Der Kanzler möchte nicht den Eindruck erwecken, politische Konkurrenten beseitigen zu wollen. Die Prüfung, ob die AfD gegen die freiheitlich-demokratische Grundordnung kämpft, sieht er allein beim Staat, nicht im Bundestag. Nicht nur sein Parteifreund Daniel Günther will trotzdem Druck machen.
Die Debatte um eine mögliche Einleitung eines Verbotsverfahrens gegen die AfD geht weiter. Schleswig-Holsteins Ministerpräsident Daniel Günther bekräftigte am Wochenende, dass er - anders als Bundeskanzler und CDU-Parteichef Friedrich Merz - ein solches Verfahren für dringend geboten halte. "Es ist meine feste Überzeugung, dass ein Staat sich selbst schützen muss", sagte der CDU-Politiker der "Neuen Osnabrücker Zeitung". "Immer mehr Menschen sehen die Gefahr, die von der AfD ausgeht."
Sein Ziel sei es, dass ein solcher Antrag auf Bundesebene gestellt werde, da sich das Verfahren gegen die Bundespartei AfD richten würde. "Wir werden die Bundesregierung nach Kräften dabei unterstützen", erklärte Günther. Auch der Grünen-Co-Vorsitzende Felix Banaszak sprach sich erneut deutlich für ein solches Verfahren aus. Dieser Weg sei wichtig, "bevor es zu spät ist", sagte Banaszak beim Landesparteitag der sächsischen Grünen in Neukieritzsch bei Leipzig.
Bundeskanzler Merz steht Forderungen nach einem AfD-Verbotsverfahren dagegen skeptisch gegenüber, wie er in der "Zeit" deutlich machte. Die Nachweispflicht, dass die Partei "aggressiv kämpferisch" gegen die freiheitlich-demokratische Grundordnung arbeite, liege ausschließlich beim Staat, sagte Merz. "Und ich habe mich innerlich immer dagegen gewehrt, aus der Mitte des Bundestages heraus Verbotsverfahren zu betreiben. Das riecht mir zu sehr nach politischer Konkurrentenbeseitigung", betonte der CDU-Chef.
Laut Verfassungsschutz gesichert rechtsextremistisch
Die Rufe nach der Einleitung eines Verbotsverfahrens waren lauter geworden, nachdem das Bundesamt für Verfassungsschutz die AfD Anfang Mai zur "gesichert rechtsextremistischen Bestrebung" hochgestuft hatte. Dagegen setzt sich die Partei mit einem Eilantrag zur Wehr.

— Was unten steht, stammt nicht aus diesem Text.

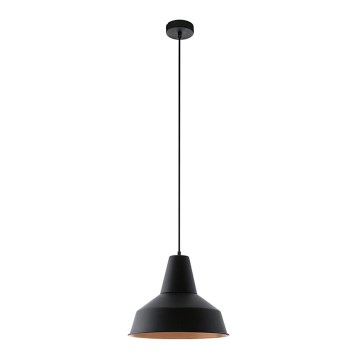 Eglo - Żyrandol 1xE27/60W/230V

Bis zu einer Entscheidung des zuständigen Verwaltungsgerichts Köln legt der Inlandsgeheimdienst die neue Einstufung auf Eis und führt die AfD daher erst einmal weiter nur als sogenannten Verdachtsfall. Über ein Parteiverbot müsste auf Antrag von Bundesregierung, Bundestag oder Bundesrat das Bundesverfassungsgericht entscheiden.
Der frühere Präsident des Bundesverfassungsgerichts, Hans-Jürgen Papier, äußerte sich skeptisch zu den Erfolgsaussichten eines solchen Antrags. Nach der Auswertung des Verfassungsschutz-Gutachtens stelle "sich die Frage, ob die vom Bundesamt für Verfassungsschutz vorgelegten Belege auch den Nachweis erbringen können, dass die strengen Voraussetzungen eines Parteiverbots erfüllt sind oder zumindest erfüllt sein können", sagte er der "Bild am Sonntag". "Auf der Grundlage der bislang öffentlich bekannten Informationen würde ich das derzeit verneinen."
Für ein Verbot der Partei würden die im Gutachten enthaltenen Äußerungen, die Papier unter anderem als "überzogen, polemisch, abwegig und gemein" bezeichnete, aus seiner Sicht nicht ausreichen.
Trotz aller Skepsis dürfte das Thema weiter für Diskussionen sorgen. Für Sonntagmittag riefen Anhänger der Organisation Fridays for Future in Karlsruhe - wo das Bundesverfassungsgericht seinen Sitz hat - zu einer Demonstration für ein AfD-Verbotsverfahren auf.